Knowledge integration in machine reading

Date

2011-08

Authors

Kim, Doo Soon

Abstract

Machine reading is the artiﬁcial-intelligence task of automatically reading a corpus of texts and, from the contents, building a knowledge base that supports automated reasoning and question answering. Success at this task could fundamentally solve the knowledge acquisition bottleneck – the widely recognized problem that knowledge-based AI systems are diﬃcult and expensive to build because of the diﬃculty of acquiring knowledge from authoritative sources and building useful knowledge bases. One challenge inherent in machine reading is knowledge integration – the task of correctly and coherently combining knowledge snippets extracted from texts. This dissertation shows that knowledge integration can be automated and that it can signiﬁcantly improve the performance of machine reading.

We speciﬁcally focus on two contributions of knowledge integration. The ﬁrst contribution is for improving the coherence of learned knowledge bases to better support automated reasoning and question answering. Knowledge integration achieves this beneﬁt by aligning knowledge snippets that contain overlapping content. The alignment is diﬃcult because the snippets can use signiﬁcantly diﬀerent surface forms. In one common type of variation, two snippets might contain overlapping content that is expressed at diﬀerent levels of granularity or detail. Our matcher can “see past” this diﬀerence to align knowledge snippets drawn from a single document, from multiple documents, or from a document and a background knowledge base.

The second contribution is for improving text interpretation.
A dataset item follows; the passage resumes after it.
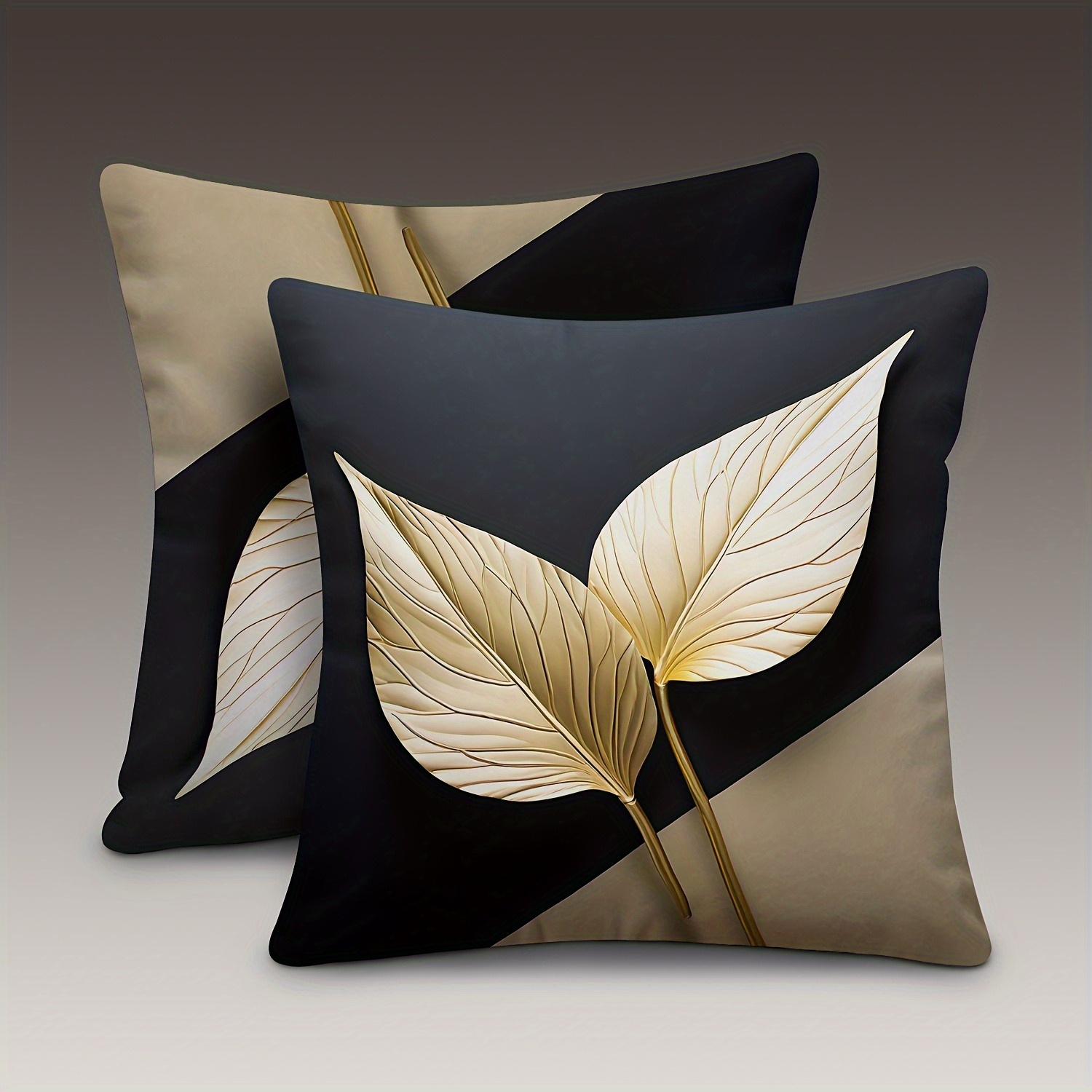Set Of 2 Pillow Covers Featuring An Elegant Leaf Design, Contemporary Style With Zipper Closure, Without Filling, Perfect For Decorating Your Sofa, Living Room, Bedroom, Car, Or Home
Our approach is to delay ambiguity resolution to enable a machine-reading system to maintain multiple candidate interpretations. This is useful because typically, as the system reads through texts, evidence accumulates to help the knowledge integration system resolve ambiguities correctly. To avoid a combinatorial explosion in the number of candidate interpretations, we propose the packed representation to compactly encode all the candidates. Also, we present an algorithm that prunes interpretations from the packed representation as evidence accumulates.

We evaluate our work by building and testing two prototype machine reading systems and measuring the quality of the knowledge bases they construct. The evaluation shows that our knowledge integration algorithms improve the cohesiveness of the knowledge bases, indicating their improved ability to support automated reasoning and question answering. The evaluation also shows that our approach to postponing ambiguity resolution improves the system’s accuracy at text interpretation.